Setup CRAB working environment

Each time after login:

source /cvmfs/cms.cern.ch/crab3/crab.sh
voms-proxy-init --voms cms --valid 168:00
cd CMSSW_DIR/src
cmsenv
cd h-tautau/Production/crab

Production spreadsheet legend

  • done: all crab jobs are successfully finished
  • tuple: tuples for a task that have all crab jobs successfully finished are merged and copied to the central storage (in the stage out site or in the cernbox)

Production workflow

Steps 2-6 should be repeated periodically, 1-2 times per day, until the end of the production.

  1. Submit jobs

    ./submit.py --work-area work-area --cfg ../python/Production.py --site T2_IT_Pisa --output hh_bbtautau_prod_v4_2017 config/2017/config1 [config/2017/config2] ...
  2. Check jobs status

    ./multicrab.py --workArea work-area --crabCmd status

    Analyze output of the status command for each task:

    1. If few jobs were failed without any persistent pattern, resubmit them:
      crab resubmit -d work-area/TASK_AREA
    2. If significant amount of jobs are failing, one should investigate the reason and take actions accordingly. For more details see the CRAB troubleshoot section below.
    3. If all jobs are successfully finished, move task area from 'work-area' into 'finished' directory (create it if needed).
      # mkdir -p finished
      mv work-area/TASK_AREA finished/

    Before moving the directory, make sure that all jobs has or 'failed' or 'finished', otherwise wait (use kill command, if necessary).
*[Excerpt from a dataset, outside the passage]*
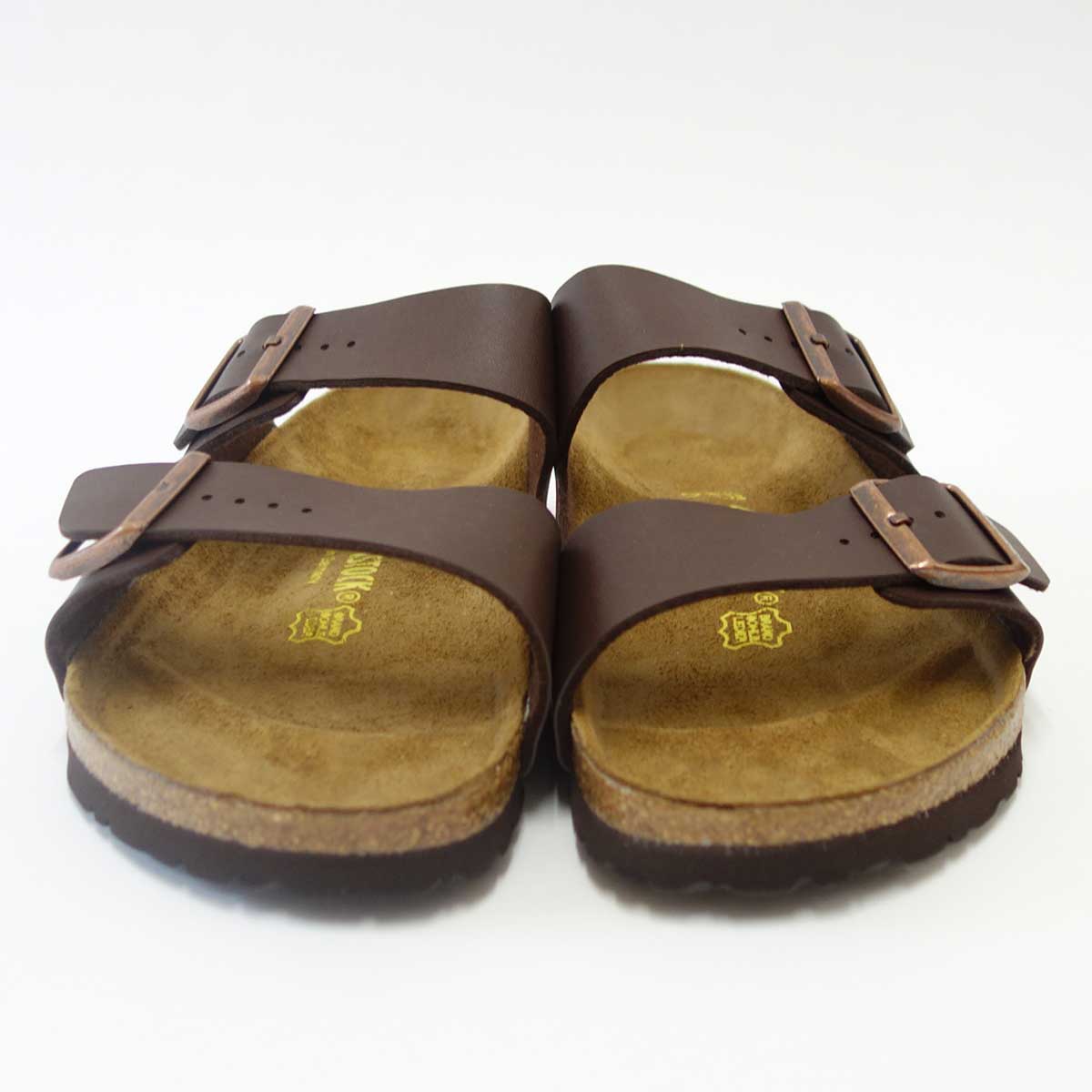 BIRKENSTOCK ビルケンシュトック ARIZONA(アリゾナ)ダークブラウン 051703 (ナローフィット 幅狭) ドイツ生まれの快適サンダル 「正規品」 「靴」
    1. Create task lists for tasks in 'finished' directory and transfer them into stage out server.

      if [ -d current-check ] ; then rm -rf prev-check ; mv current-check prev-check ; fi
      mkdir current-check
      for NAME in finished ; do ./create_job_list.sh $NAME | sort > current-check/$NAME.txt ; done
    2. Update prod_v4_2017 spreadsheet accordingly.

      for NAME in finished ; do echo "$NAME:" ; if [ -f prev-check/$NAME.txt ] ; then diff current-check/$NAME.txt prev-check/$NAME.txt ; else cat current-check/$NAME.txt ; fi ; done
  3. Submit merge jobs output files on the stage out server (before running this procedure the software has to be installed).

    1. If some merge jobs were already created during the previous iteration, use find_new_jobs.sh to create list of new jobs to submit.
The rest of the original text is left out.